Materials informatics is a burgeoning field that takes computational theory and ascribes it to material sciences. Its potential to transform the way scientists test, formulate, and produce new chemistries is limited only by the technology available to make use of the data they collect along the way.
This guide will help you understand the key components of a materials informatics strategy, evaluate the technology that supports it, and identify new workflows to maximize your R&D data. After you’ve read it, you should feel confident in your next steps toward a more scalable, efficient materials development process.
Until recently, applying cutting-edge computer science and data techniques like machine learning and advanced statistical analysis made sense only in data-rich industries where data is relatively cheap, structured, and plentiful. They include sectors that benefit the most from advances in big data, like financial services, insurance, and information technology. It is only in the last few years that these methods have been adapted for the more complex data environments familiar to materials R&D practitioners.

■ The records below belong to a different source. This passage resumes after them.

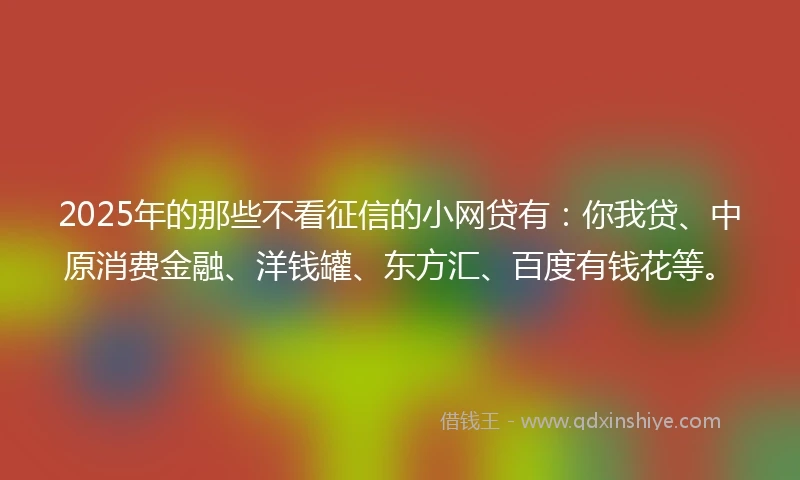 2025年的那些不看征信的小网贷有：你我贷、中原消费金融、洋钱罐、东方汇、百度有钱花等。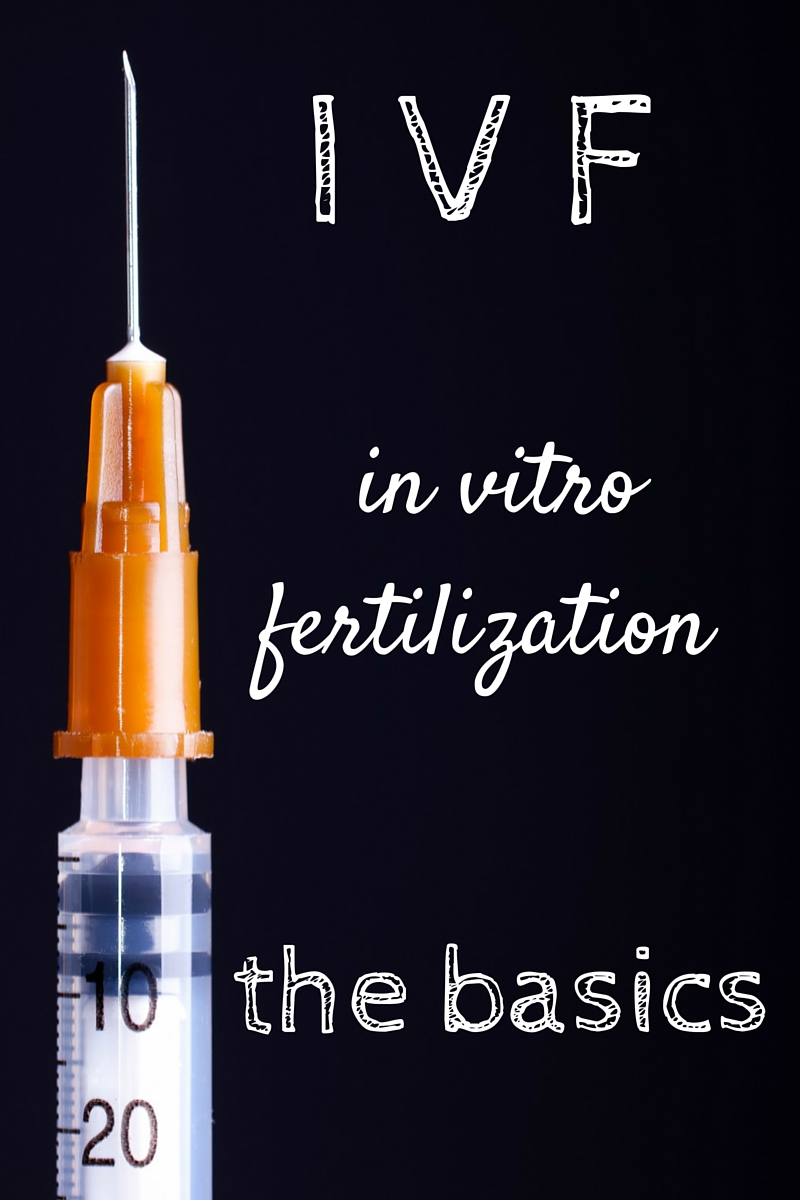 in-vitro-fertilization-the-basics-of-ivf-montana-doodle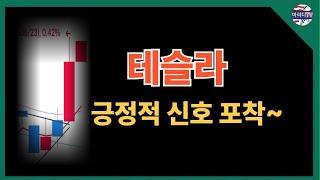 신규 매수 공개, 테슬라, soxl, 알파벳, 애플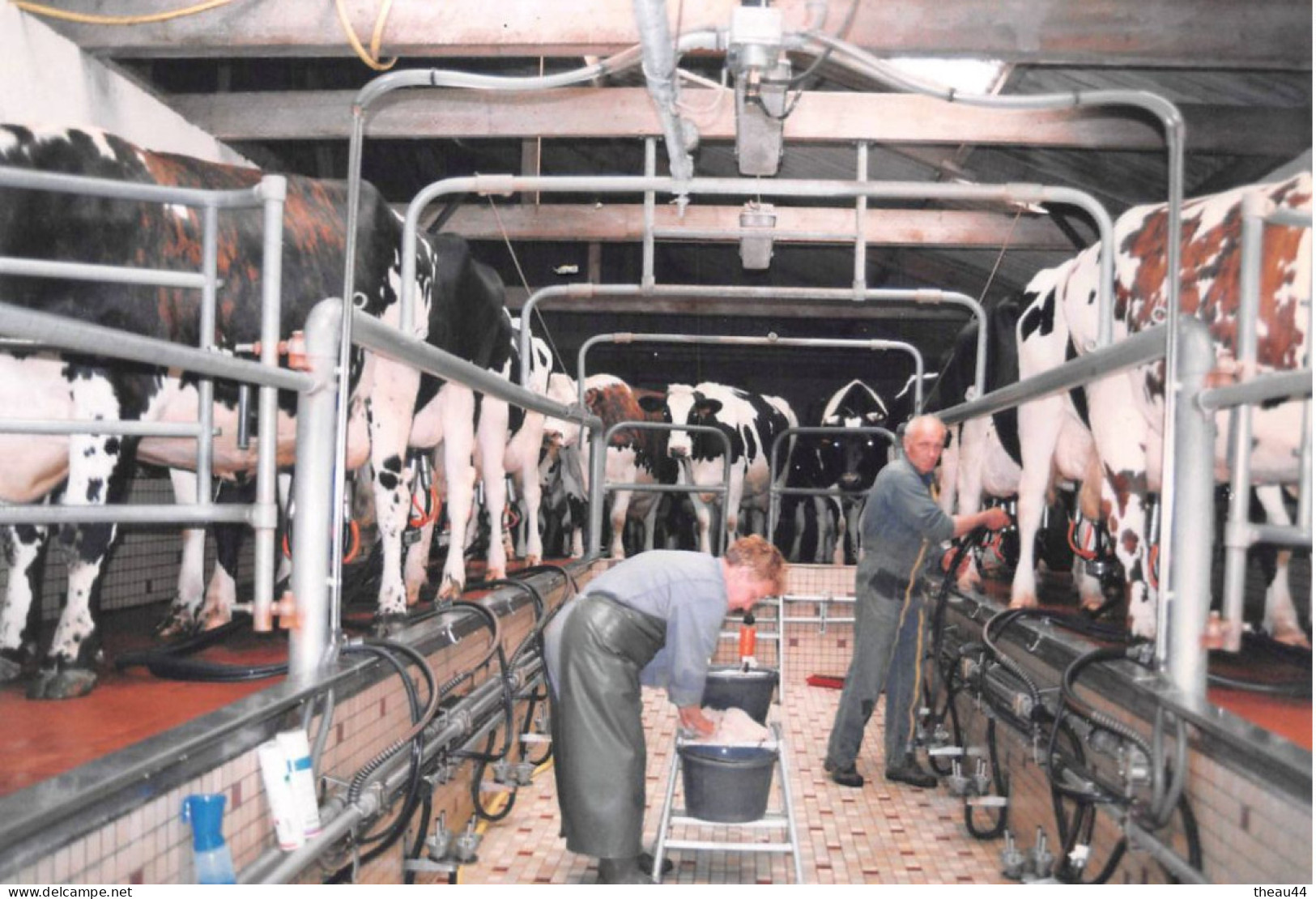 ¤¤   -   AGRICULTURE  -  Lot De 7 Clichés De La Traite De Vaches  -  Stabulation, Fermiers, Agriculteur      -   ¤¤ - Tractores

Materials informatics takes the study of computational systems—how information is processed and transformed—and applies it to the development of industrial materials like polymers and ceramics. The goal of the field is to use best practices learned from data-rich industries, including the collection and management of large datasets, the infrastructure needed to process and learn from them, and advanced machine learning techniques to make faster, more focused progress in new materials discovery and the development of existing materials.
Organizations up and down the materials value chain—from raw material suppliers and university research labs to aerospace OEMs and multinational polymer manufacturers—use materials informatics to drive innovation and jumpstart development on next-generation products. The same technology that powers fields like robotics and autonomous vehicles is now being used by R&D teams to make leaps in materials development faster than ever.